Radiotherapy radiographers carried out Visual Grading Analysis (VGA) assessment of image quality, LN registration and graded their confidence in registration for each of the 24 LNs on CBCT and two MR sequences, MR1 (T2w Turbo Spin Echo) and MR2 (T1w DIXON water only image).

RESULTS

Pre-registration image quality assessment revealed MR1 and MR2 as significantly superior to CBCT in terms of image quality (p ≤ 0.01). No significant differences were noted in interobserver variability for LN registration between CBCT, MR1 and MR2. Observers were more confident in their MR registrations compared to their CBCT based LN registrations (p ≤ 0.02).

SUMMARY

Interobserver setup correction variability was not found to be significantly different between CBCT and MR. Image quality and registration confidence were found to be superior for MRI sequences.
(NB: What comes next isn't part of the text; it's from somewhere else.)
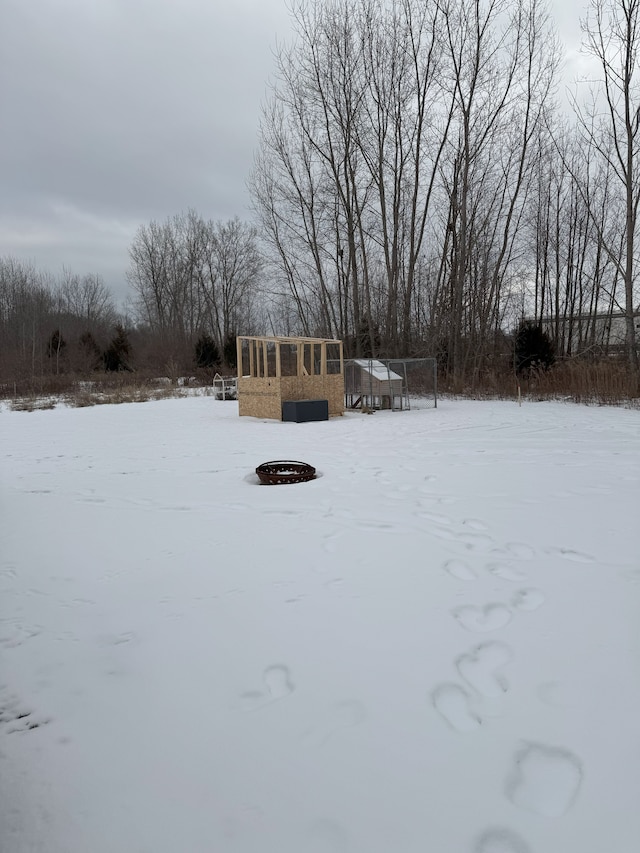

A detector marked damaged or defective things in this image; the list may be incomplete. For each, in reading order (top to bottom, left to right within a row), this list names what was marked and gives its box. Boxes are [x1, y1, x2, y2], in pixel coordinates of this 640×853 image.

rusty fire pit ring [255, 462, 316, 482]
This is a promising step towards MR-guided radiotherapy for the treatment of LA-NSCLC.

摘要

目的

本研究比较了 MRI 与 CBCT 对局部晚期(LA)-NSCLC 患者淋巴结(LN)的识别和配准,以评估在未来的磁共振引导放疗(MRgRT)工作流程中对 LN 进行靶向的适用性。

方法

放射治疗技师对 CBCT 和两种磁共振序列(MR1(T2w 涡轮自旋回波)和 MR2(T1w DIXON 仅水图像))上的 24 个 LN 的图像质量、LN 配准进行了视觉分级分析(VGA)评估,并对每个 LN 的配准进行了分级,并对其配准的置信度进行了分级。

结果

在配准前的图像质量评估中,MR1 和 MR2 在图像质量方面明显优于 CBCT(p≤0.01)。在 CBCT、MR1 和 MR2 之间,LN 配准的观察者间变异性没有显著差异。观察者对其 MR 配准的信心比对其基于 CBCT 的 LN 配准的信心更高(p≤0.02)。

总结

在 CBCT 和 MR 之间,观察者间的摆位校正变异性没有发现有显著差异。MRI 序列的图像质量和配准信心更高。这是朝着治疗 LA-NSCLC 的 MR 引导放疗迈出的有希望的一步。